萧弈态度坚决,说罢,挥手示意将智居润带下去。

见他如此,智居润想了想,竟是当场做了取舍,道:「请允下官前去劝说赵留後,让他交出赵匡义,给太尉一个交代。若这桩公案了结,请太尉接受朝廷封赏,如何?」

「了结了再谈。」

「如此,谢太尉顾全大局。」

智居润深深一揖,退了下去。

如此,他入城已不能鼓舞赵弘殷,反而是给赵弘殷施加压力。

当天傍晚,赵弘殷就遣人来了。

萧弈不耐与对方掰扯,可此事也从侧面印证赵弘殷扛不住压力了。

「在下赵究,任镇安军幕吏,曾为赵氏三郎授业。今奉赵公之命,特来谒见太尉,化解两方误会。

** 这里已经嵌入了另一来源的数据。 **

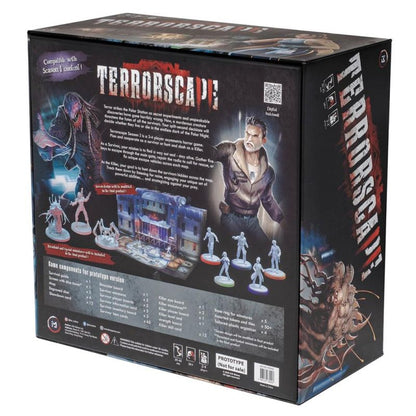 Terrorscape 2 - Bundle Completo
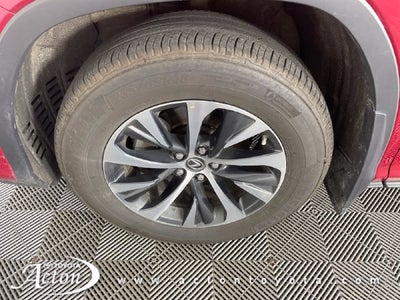 2022 Lexus RX HYBRID 450h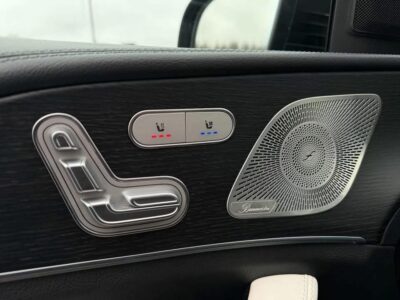 Mercedes-Benz GLE – Bild 27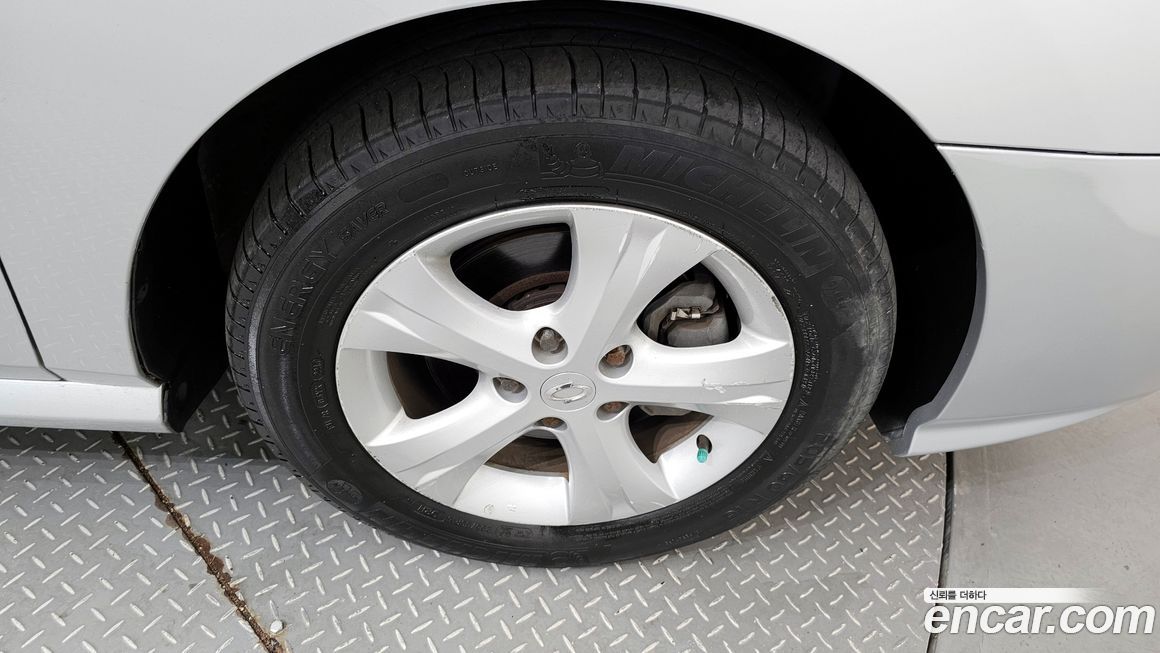 Renault-KoreaSamsung SM5  2010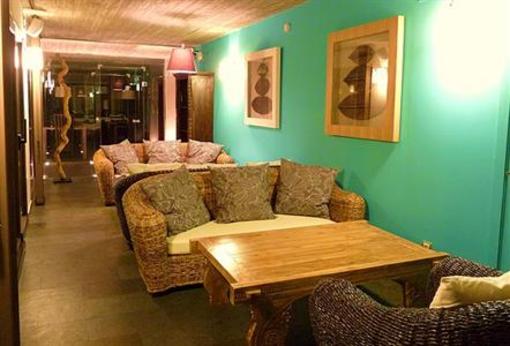 фото отеля Hotel Rural Capitulo Trece Maderuelo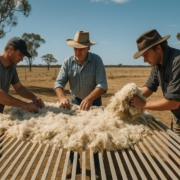 Wool Clip Preparation Guide for Wool Growers - Lana Trading Australia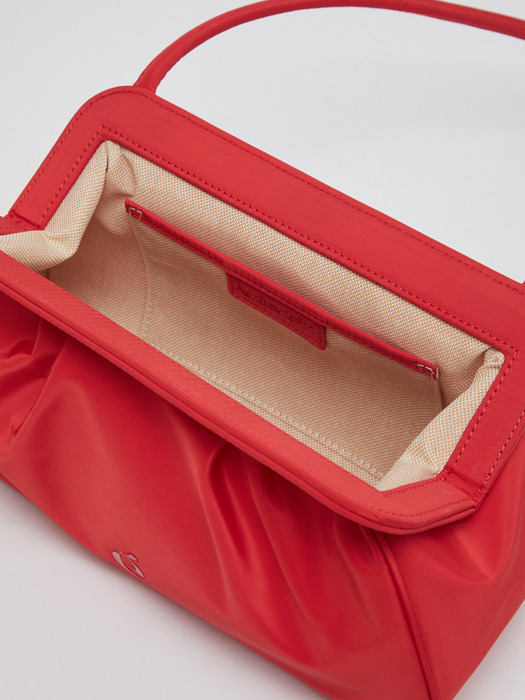 Skirt bag(Nylon Red)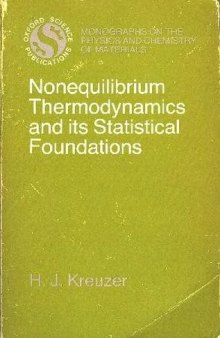 Nonequilibrium thermodynamics and its statistical foundations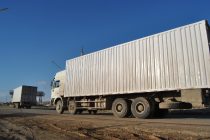 Зарубежные перевозчики получили свыше 51 тысячи разрешений на перевозки  в Таджикистане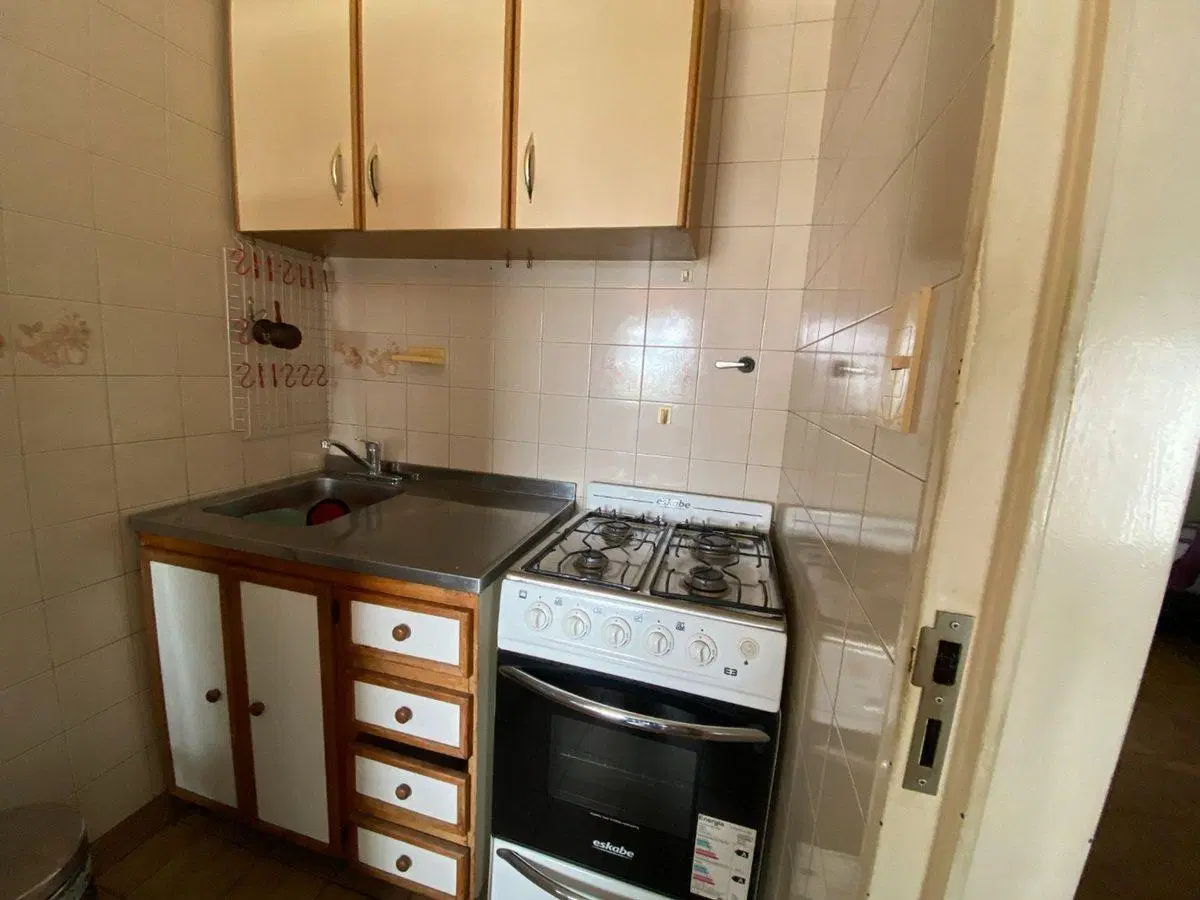 VENTA DPTO MONOAMBIENTE EN SAN CRISTOBAL AMOBLADO 5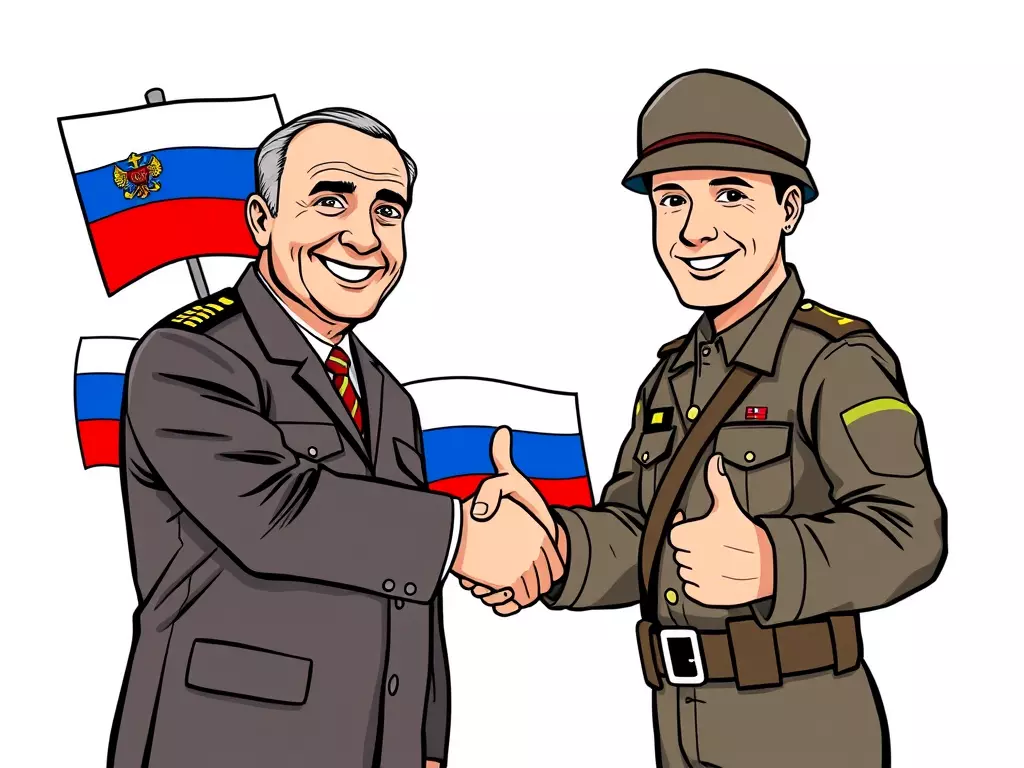Президент Южной Осетии поддержал участников СВО: общее дело с Россией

」

「我与赵氏并无误会

,你请回吧。

「太尉且容在下进一言,赵三郎年少气锐,一时言语失度、行事相忤,皆少年常态,此是有的。这般年岁,如何有存心构陷、暗藏机谋?还望太尉明察。」

萧弈听得冷笑,反问道:「可知我冒死营救天子亲眷,辗转千里北上之时又是多大年纪?赵匡义越是年少便工於心计,越是祸害,我断留不得他。」

「赵公执掌禁军多年,素以德行着称,是出了名的仁厚,人缘极佳,若因一场误会,致使太尉与赵留後心生嫌隙,日後禁军诸多将领,又该如何看待太尉?」

「你这是在威胁我?」

「不敢,不敢,赵公愿亲自带三郎前来消解,在下此来只求太尉暂且压下怒火,届时大家和和气气地谈————」

「没有和气。」

萧弈态度冷峻,道:「图利谋权时躲在暗处构陷害人,东窗事发、需要担责之时,便好言相求、百般示弱,没有这等好事————来人,将这老贼押在营中,不必放还。」

「是!」

「再向颍州城中将士下达最後通牒,两日之内,若拒不交出赵匡义,大军即刻攻城,踏平颍州!」

事实上,萧弈并没有携带足够的粮草、辐重及攻城器械,兵力也不够攻破颍州,他是笃定了颍州城中的兵卒不可能包庇赵匡义而死抗到最後。

他攻打颍州,靠的唯有气势。

那刚压得李璟瑟瑟发抖、献上降启的气势。

数过一日,到了第二日的清晨,颍州果然有了动静。

「大帅,城门开了。」

「谁出来了?」

「是————赵弘殷?他是单枪匹马朝大营来了。」

「单枪匹马」这四个字颇值得玩味,萧弈出营一看也就明白了。

铁鹞军阵前,赵弘殷只有一人,勒马独立。

「校验司徒、颍州防御使、镇安军留後,赵弘殷,请萧太尉上前叙话!」

「何事?」

萧弈拨马上前,只见赵弘殷脸色疲惫,一只独眼深邃,带着些无奈,却十分平静,甚至有些悲悯。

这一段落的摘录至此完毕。